* Your instructions
Would you transcribe the listing that follows word for word, skipping pictures?

* Raw data
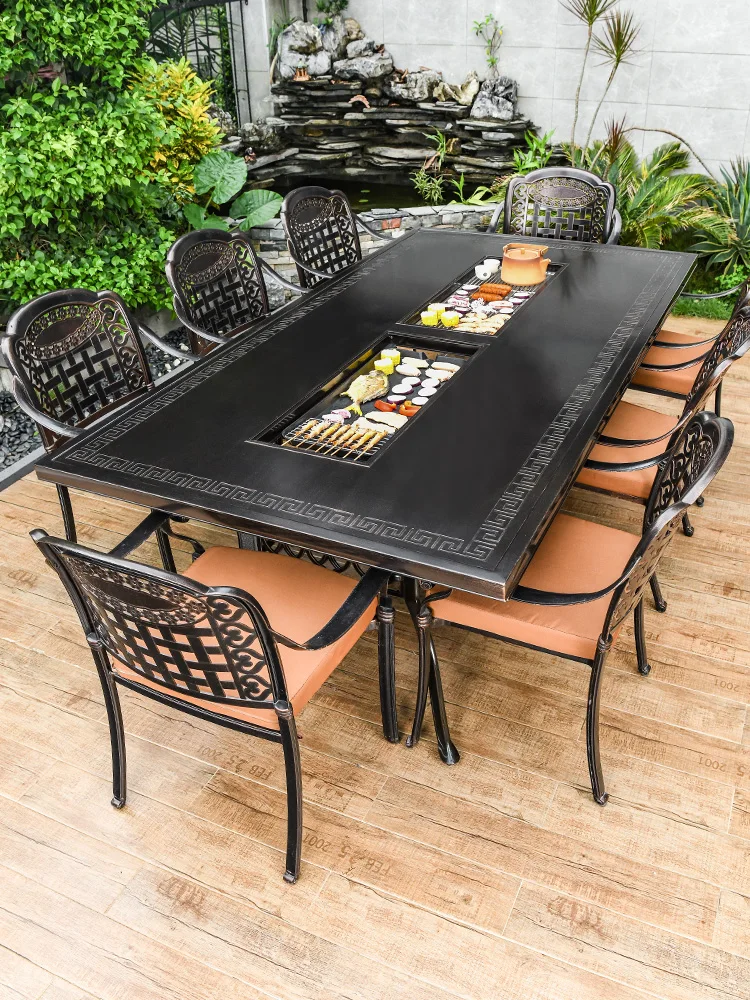 

Уличный барбекю стол и стулья, электрический гриль для внутреннего дворика, домашняя терраса, дворная вилла, литой алюминий, для отдыха на открытом воздухе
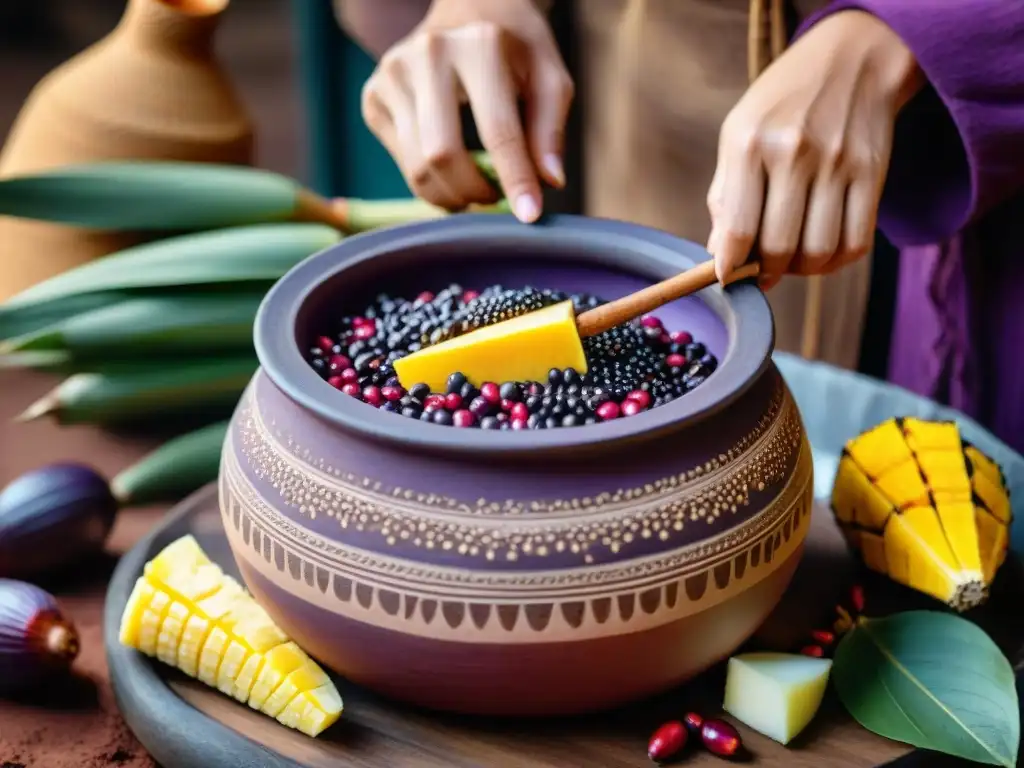 Detallada fermentación en olla de barro peruana con maíz morado, resaltando beneficios de fermentación en cocina peruana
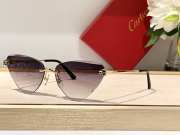 Uubags | Cartier Panthère de Cartier sunglasses, non-rimmed metal, smooth golden finish, grey lenses - 4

* Finished task
Уличный барбекю стол и стулья, электрический гриль для внутреннего дворика, домашняя терраса, дворная вилла, литой алюминий, для отдыха на открытом воздухе
 Detallada fermentación en olla de barro peruana con maíz morado, resaltando beneficios de fermentación en cocina peruana
 Uubags | Cartier Panthère de Cartier sunglasses, non-rimmed metal, smooth golden finish, grey lenses - 4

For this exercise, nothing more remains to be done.